## Your instructions
The required answer is the data below, restated word for word with images omitted.

## Recorded information
++++++++
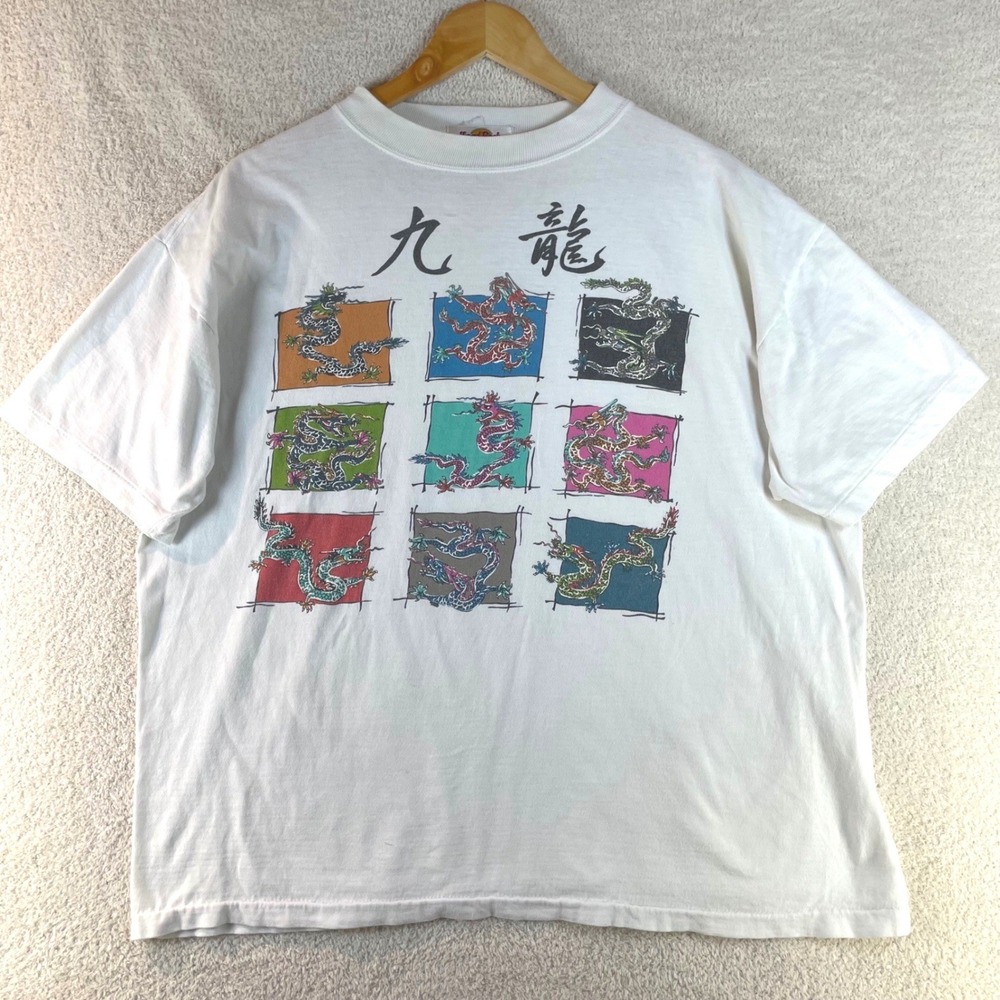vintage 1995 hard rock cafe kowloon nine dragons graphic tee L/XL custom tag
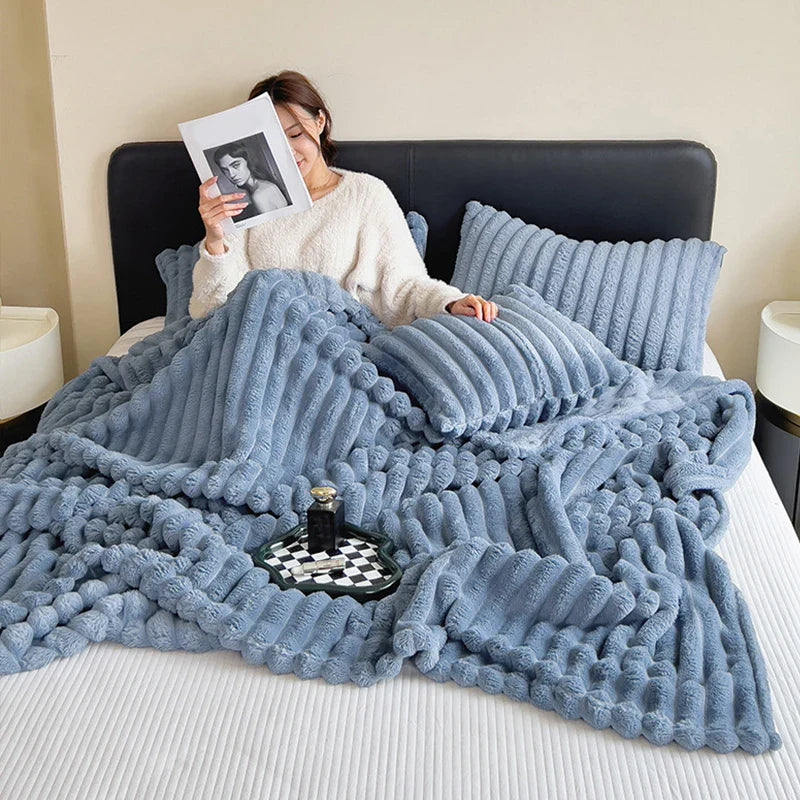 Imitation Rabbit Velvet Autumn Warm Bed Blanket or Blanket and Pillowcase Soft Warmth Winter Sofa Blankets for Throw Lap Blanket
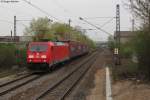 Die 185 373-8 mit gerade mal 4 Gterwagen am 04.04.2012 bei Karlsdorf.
++++++++
## Solution
vintage 1995 hard rock cafe kowloon nine dragons graphic tee L/XL custom tag
 Imitation Rabbit Velvet Autumn Warm Bed Blanket or Blanket and Pillowcase Soft Warmth Winter Sofa Blankets for Throw Lap Blanket
 Die 185 373-8 mit gerade mal 4 Gterwagen am 04.04.2012 bei Karlsdorf.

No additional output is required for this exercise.